Can you remember where you were on 1 May 1994? I know I was at home, my parents’ house, and I was sat in the front room watching, the San Marino Grand prix. The reason that I remember, is that this was the day that Ayrton Senna, one of the greatest racing drivers ever, died when he crashed at Tamburello corner. The reason that I start with this is two-fold.

1) Lewis Hamilton has recently equalled Ayrton’s win total and pole position total, and 2) recently I attended a training course called Performance at the Limit; it was delivered by a facilitator called Richard West. Richard has been a senior figure within the Formula One sport for a number of years and the program was about identifying the common traits of high performing teams set in the context of the high performing teams within F1.

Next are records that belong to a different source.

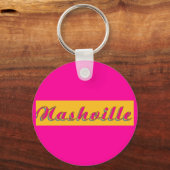 Nashville Script Sleutelhanger (Voorkant)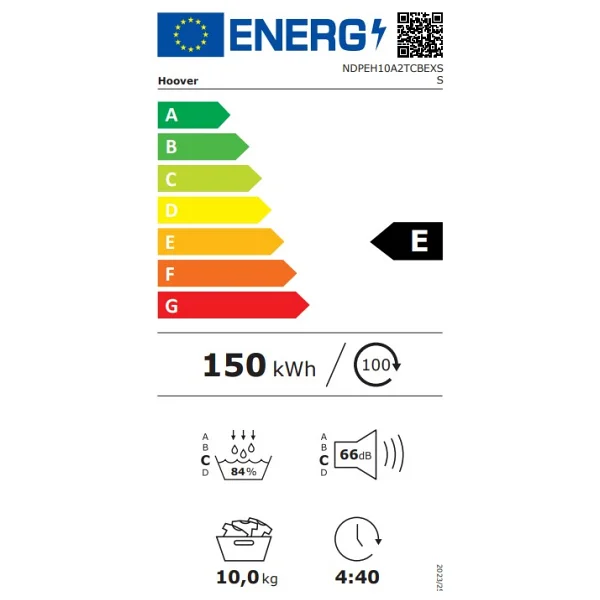 Hoover Ndpeh 10a2tcbexss 10 Kg Wi-Fi Çamaşır Kurutma Makinesi - Görsel 6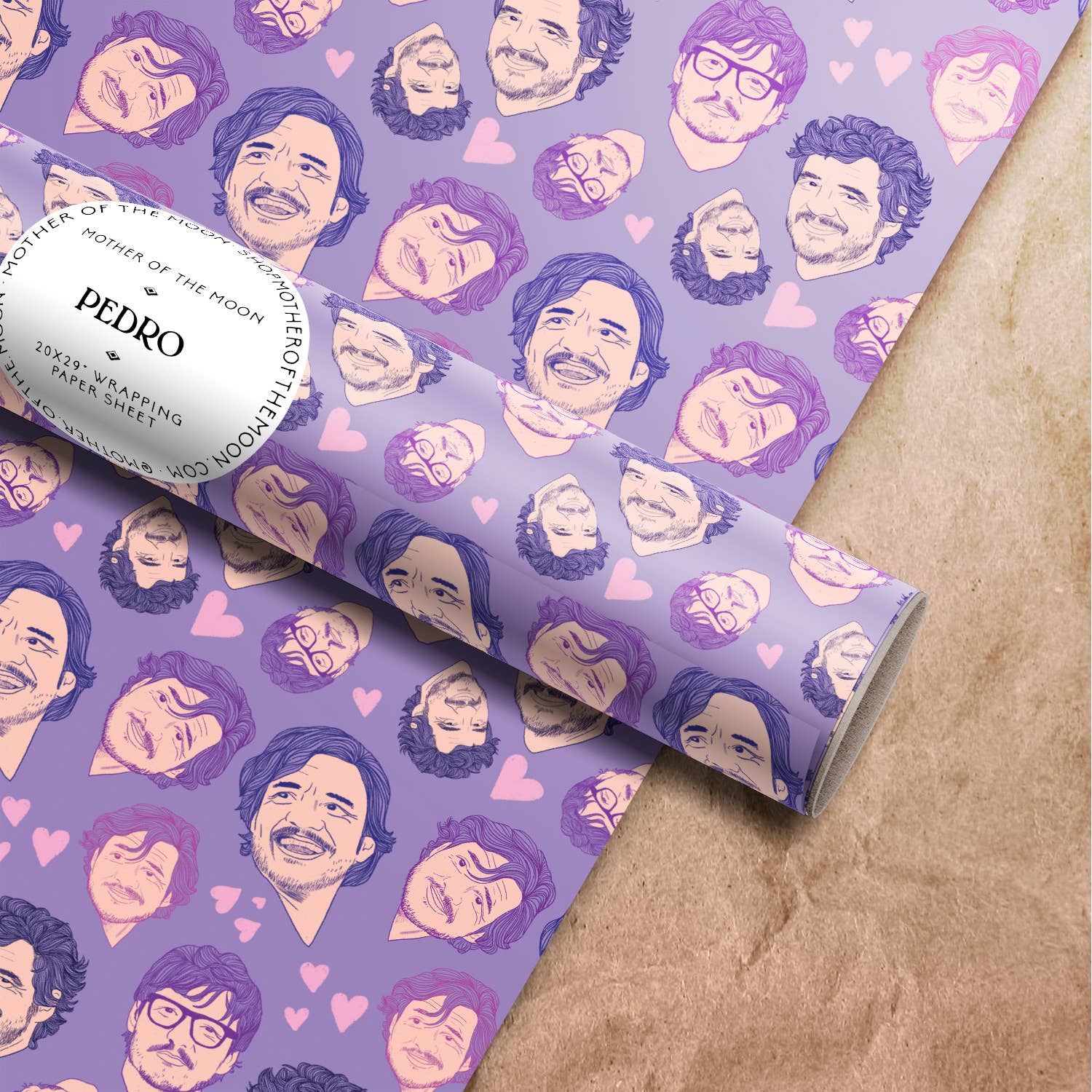 Mother of the Moon - Venta al por mayor Sobre de papel de regalo - Hoja de papel de regalo Pedro Pascal0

It was an excellent program – there were lots of transferable learning points that I wanted to share with you so here goes… (I’ll point you to the books and TV programme at the embedded links below).

Focus on…

Richard described the safety record in F1, specifically with regard to the death of his friend (and one of my favourite drivers) Ayrton Senna. Richard was working with Williams at the time, and if you have seen the film Senna, there are some references to him in it. Flashback a few years previously to the same corner at Monza, and Nelson Piquet crashes and car stops at the same place that Senna fatally crashes. Flash forward a number of years after Piquet and Gerhard Berger crashes and suffers burns as a result of the crash at the same corner.

The point here is that on each occasion, indeed after Senna’s crash also, racing resumed with a focus on performance and going faster, rather than looking at the bigger picture. The big takeaway for me is that too much focus on one area will lead to the ignoring of some critical issues (safety etc.)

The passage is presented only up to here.